The last part of the State Department Trump will need around one way or another is the Bureau of Consular Affairs. Consular performs the traditional government functions of assisting Americans overseas when they’re arrested, caught up in a natural disaster, or just need help with social security or a new passport.
The big swinging bat, however, is visa issuance. Visas are what fills the American economy with tourists, Silicon Valley with engineers, and universities with foreign students. Visas are the State Department’s cash cow: in 2016 close to 11 million tourist, worker, and student visas were issued at an average fee collected of $160. That’s well over $1.7 billion in revenue in addition to the budget Congress allots State. The Bureau of Consular Affairs holds a budget surplus in reserve whose dollar amount is one of the most closely held non-national security secrets inside government.
But in a Trumpian state of mind, what looks like a strength at Foggy Bottom might turn out to be a weakness. State fought viciously after 9/11 to hold on to consular work, even as the Bush administration sought to consolidate the consular function into the then-new Department of Homeland Security.

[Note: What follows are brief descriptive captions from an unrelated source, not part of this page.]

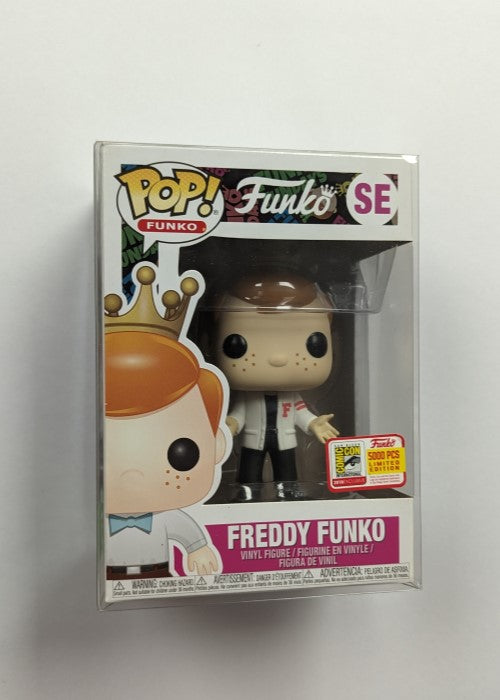 Pop! Vinyl | Freddy Funko (Danny Zuko) [SDCC] - Funko #SE | The Nerd Merchant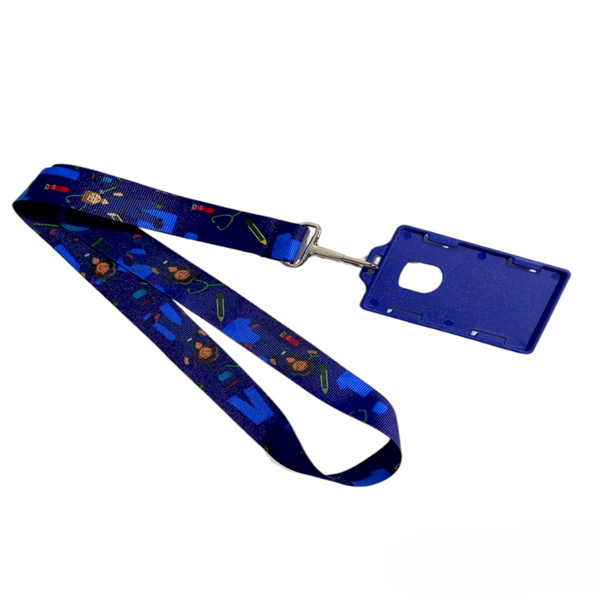 LANYARD QUIROFANO AZUL
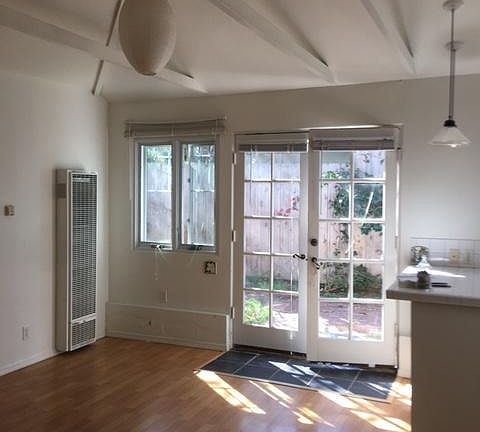 Entry to studio from private courtyard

State won the bureaucratic fight in 2001, but if the Trump administration really wanted to effectively wipe away most of the State Department proper, it might need to do little more than kick out the strongest (and most profitable) leg holding up the whole edifice. Like a jenga tower, Trump can pick away at the top positions for media and political points, but if he really wants to see it all fall down, he’ll attack the bottom. Watch for it; it’ll tell you how serious this fight really is.